YOUR INSTRUCTIONS: Although the data below holds other lines too, output only those from the line with "Swiss Mountain Train Vídeo Stock 10821381" up to and including the line with "Photo of 2022 Atlas Blue Metallic Ford Edge", exactly as they appear.

SUPPLIED RECORDS:
______
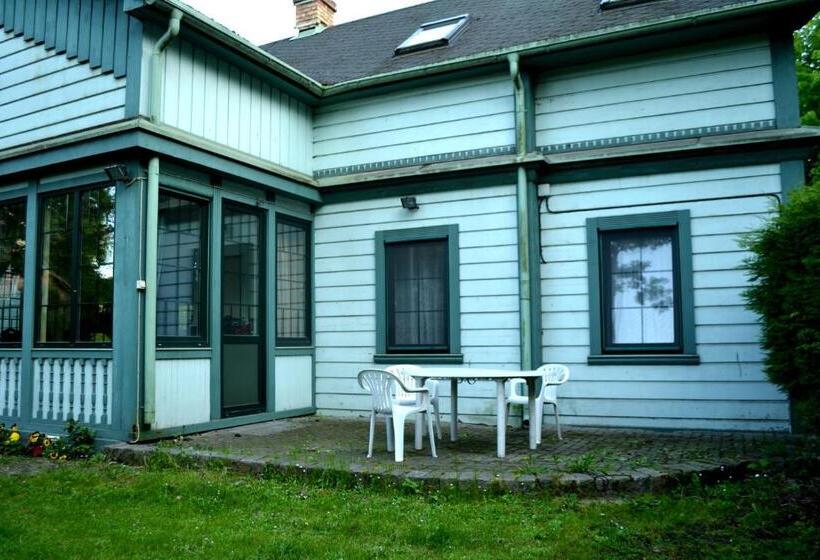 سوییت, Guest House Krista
______
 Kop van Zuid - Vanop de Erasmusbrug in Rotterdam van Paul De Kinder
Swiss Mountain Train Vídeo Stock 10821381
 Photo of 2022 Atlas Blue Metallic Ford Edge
______
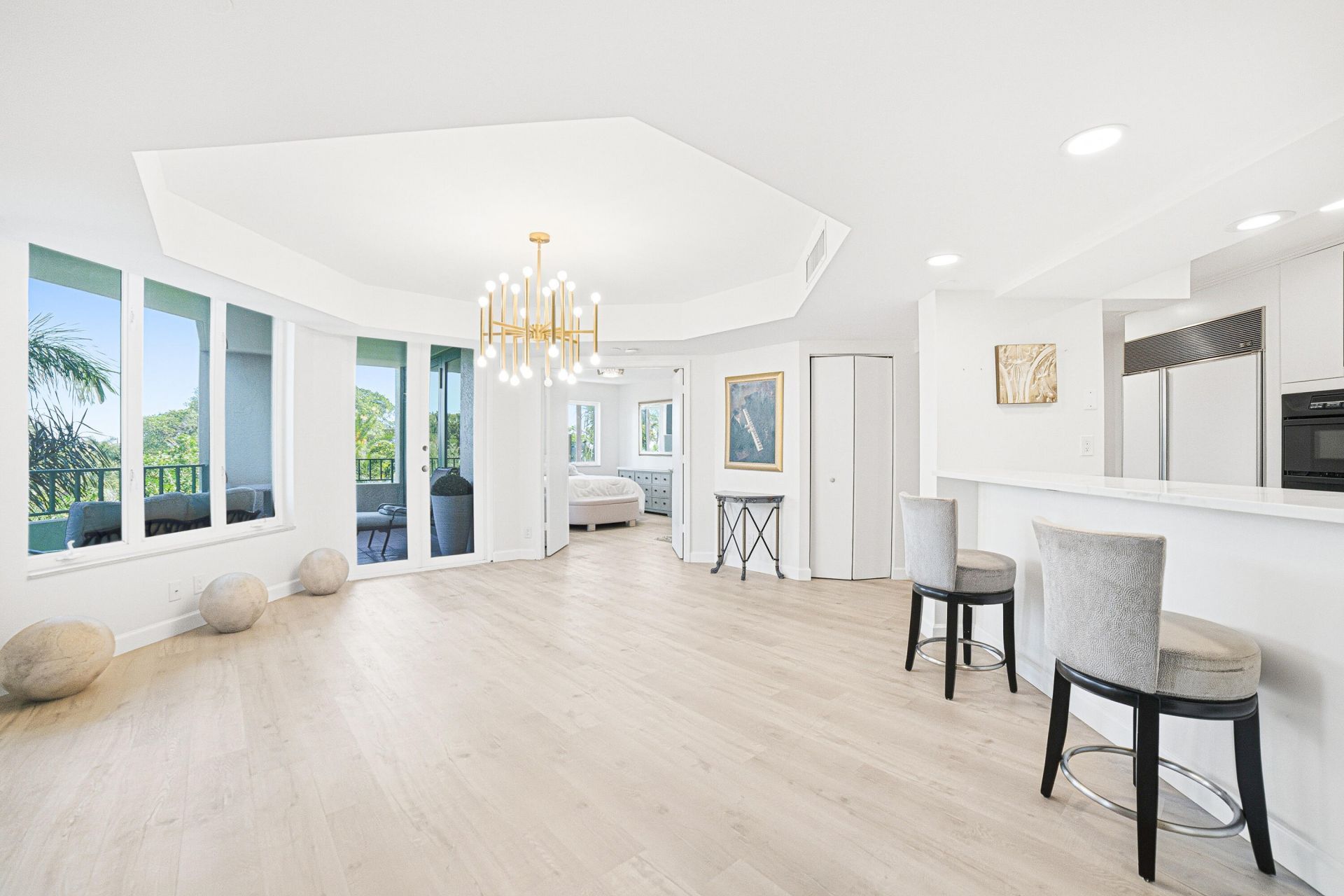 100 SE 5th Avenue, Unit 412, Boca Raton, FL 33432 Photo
______
SOLUTION TO THE EXERCISE:
Swiss Mountain Train Vídeo Stock 10821381
 Photo of 2022 Atlas Blue Metallic Ford Edge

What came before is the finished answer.